Is this hard?... well yes, it's a challenge for anyone, and it's hard not to make a mistake, but it's a hell of a fun and it's supposed to be hard if you want to push yourself to the limit. Personally, for me that's the only way to learn. Of course you have to do it step by step, and learn the basics first. But it's a great satisfaction when you get it right.

Update:
I know where I made my mistake now. I did a sign error when I put all the numerators on the same fraction bar. This is why mixed numbers are up to no good. I hate mixed numbers. They are counter-intuitive and they just mess it up for me. I prefer improper fractions rather. So here is the correct answer.

`0,79-4/3-1/2+150%=79/100-(4*(33+1/3))/(3*(33+1/3))-(1*50)/(2*50)+150/100=79/100-(132+4/3)/100-50/100+150/100`

This is the step at which I made a mistake:
`right: (79-(132+4/3)-50+150)/100=0,4567wrong:(79-(132-4/3)-50+150)/100=0,4833`

Notice the difference at the second term in the numerator. If you copy and paste the first line in a calculator on your computer you should get the right approximation, which is 0,4567.

But anyway! Here is the rest of the calculation.
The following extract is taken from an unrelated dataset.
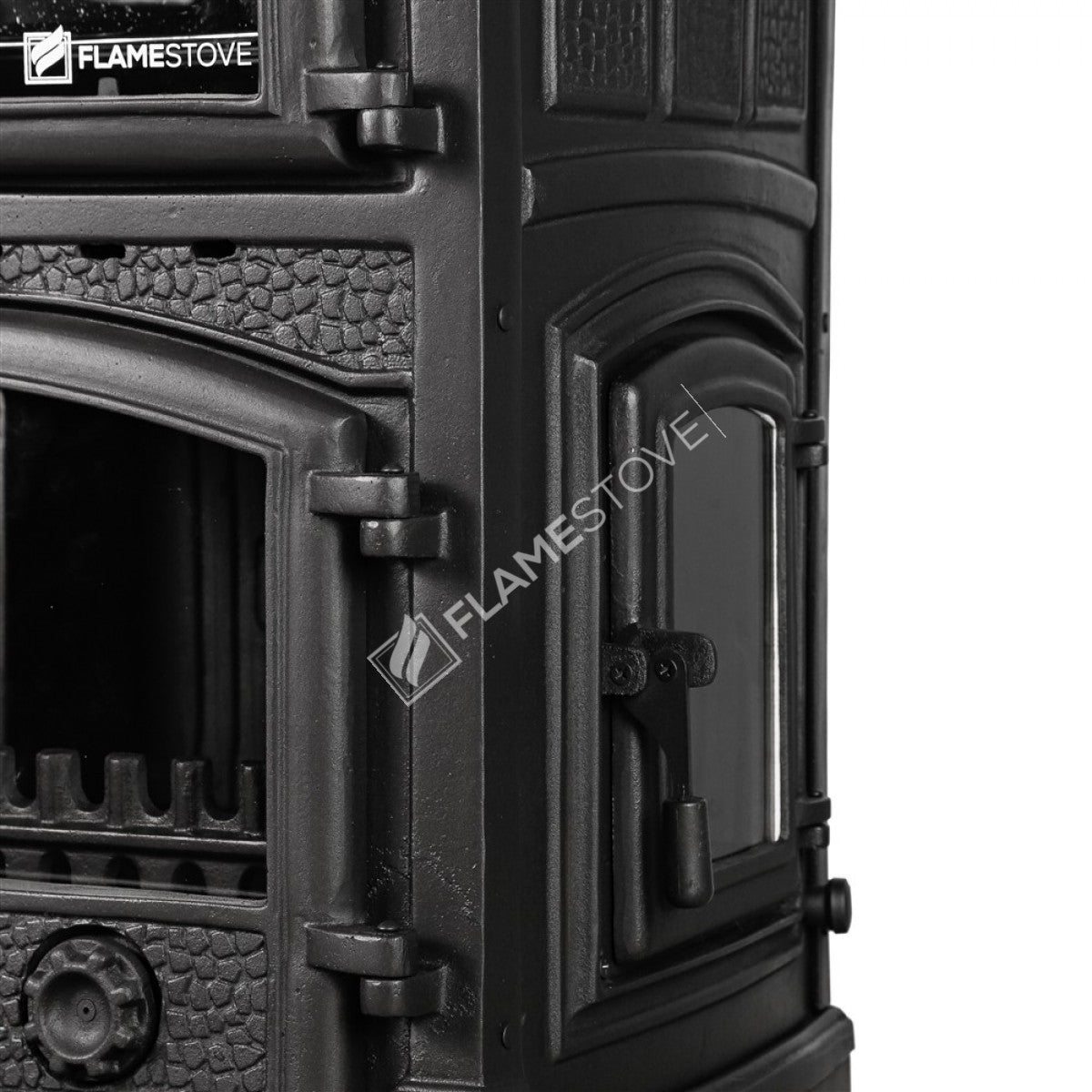 Sirius 4 tbsp style maxi odunluklu casting glass stove furnaces | high efficiency Wood & coal stove, Schott Robax glass, double-Fired, kW 18.21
`=(150-50+79-(132+4/3))/100=(179-132-4/3)/100=(47-4/3)/100=((47*3)/(1*3)-4/3)/100=((141)-(4/3))/100=(137/3)/100=(137/3)*(1/100)=137/100`

So there you go! The same result as Sal got using the simple method. The idea is the same, you have to put every fraction in terms of the same denominator. Sal used the least common multiple of 100, 3, and 2. That's 300. I used the multiple 100, which is not common among all three numbers. That's why the calculation was more complicated. But I just had to try it out and prove it to myself that it works. And it does, as long as you don't make mistakes along the way like I did.

I am still not afraid of fractions! ;) Not even the mixed number type of fractions... those weird looking things.